Pretty sure I understand the algorithm now, but I still want to see what performance impact it has to see if it's worth the (minor) complexity. I'll benchmark it on some large links and see what happens.

MaskRay updated this revision to Diff 191058.Mar 18 2019, 1:53 AM
MaskRay retitled this revision from [ELF] Use union-find set in Call-Chain Clustering (C³) heuristic to improve worst-case time complexity. to [ELF] Use union-find set and doubly linked list in Call-Chain Clustering (C³) heuristic.
MaskRay edited the summary of this revision. (Show Details)

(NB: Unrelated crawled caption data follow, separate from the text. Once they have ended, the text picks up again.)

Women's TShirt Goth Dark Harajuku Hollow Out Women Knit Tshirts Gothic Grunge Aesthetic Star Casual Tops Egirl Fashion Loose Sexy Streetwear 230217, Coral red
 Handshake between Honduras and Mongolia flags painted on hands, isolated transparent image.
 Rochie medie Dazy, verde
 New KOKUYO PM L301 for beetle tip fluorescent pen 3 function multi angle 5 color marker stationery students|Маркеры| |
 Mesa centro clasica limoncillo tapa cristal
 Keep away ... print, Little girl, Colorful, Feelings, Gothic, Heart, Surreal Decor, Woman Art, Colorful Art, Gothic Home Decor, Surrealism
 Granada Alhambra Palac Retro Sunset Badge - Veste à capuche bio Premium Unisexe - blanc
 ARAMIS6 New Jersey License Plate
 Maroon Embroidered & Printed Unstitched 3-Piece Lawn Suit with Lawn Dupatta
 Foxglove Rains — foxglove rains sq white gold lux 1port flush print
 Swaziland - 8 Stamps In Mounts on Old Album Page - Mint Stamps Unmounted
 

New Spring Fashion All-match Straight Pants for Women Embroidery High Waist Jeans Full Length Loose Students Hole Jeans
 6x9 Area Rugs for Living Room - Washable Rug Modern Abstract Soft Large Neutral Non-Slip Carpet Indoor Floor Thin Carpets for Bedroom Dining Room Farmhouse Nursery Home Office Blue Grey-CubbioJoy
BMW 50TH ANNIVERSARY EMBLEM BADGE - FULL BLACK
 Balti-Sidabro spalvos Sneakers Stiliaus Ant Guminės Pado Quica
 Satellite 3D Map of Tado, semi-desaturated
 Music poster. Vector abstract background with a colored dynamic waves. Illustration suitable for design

std::list<int> Sections; -> int Next, Prev;

Herald added a project: Restricted Project. · View Herald TranscriptMar 18 2019, 1:53 AM
Herald added a subscriber: jdoerfert. · View Herald Transcript
MaskRay updated this revision to Diff 221897.Sep 26 2019, 1:25 AM

Rebase after one year since there is not interest in maintaining Call-Chain Clustering.

This file has not been touched much.

  • Adapt variable renaming
  • Use DenseMap::try_emplace
MaskRay updated this revision to Diff 222091.Sep 27 2019, 12:44 AM

mergeclusters -> mergeClusters

This revision is now accepted and ready to land.Sep 27 2019, 10:38 AM
This revision was automatically updated to reflect the committed changes.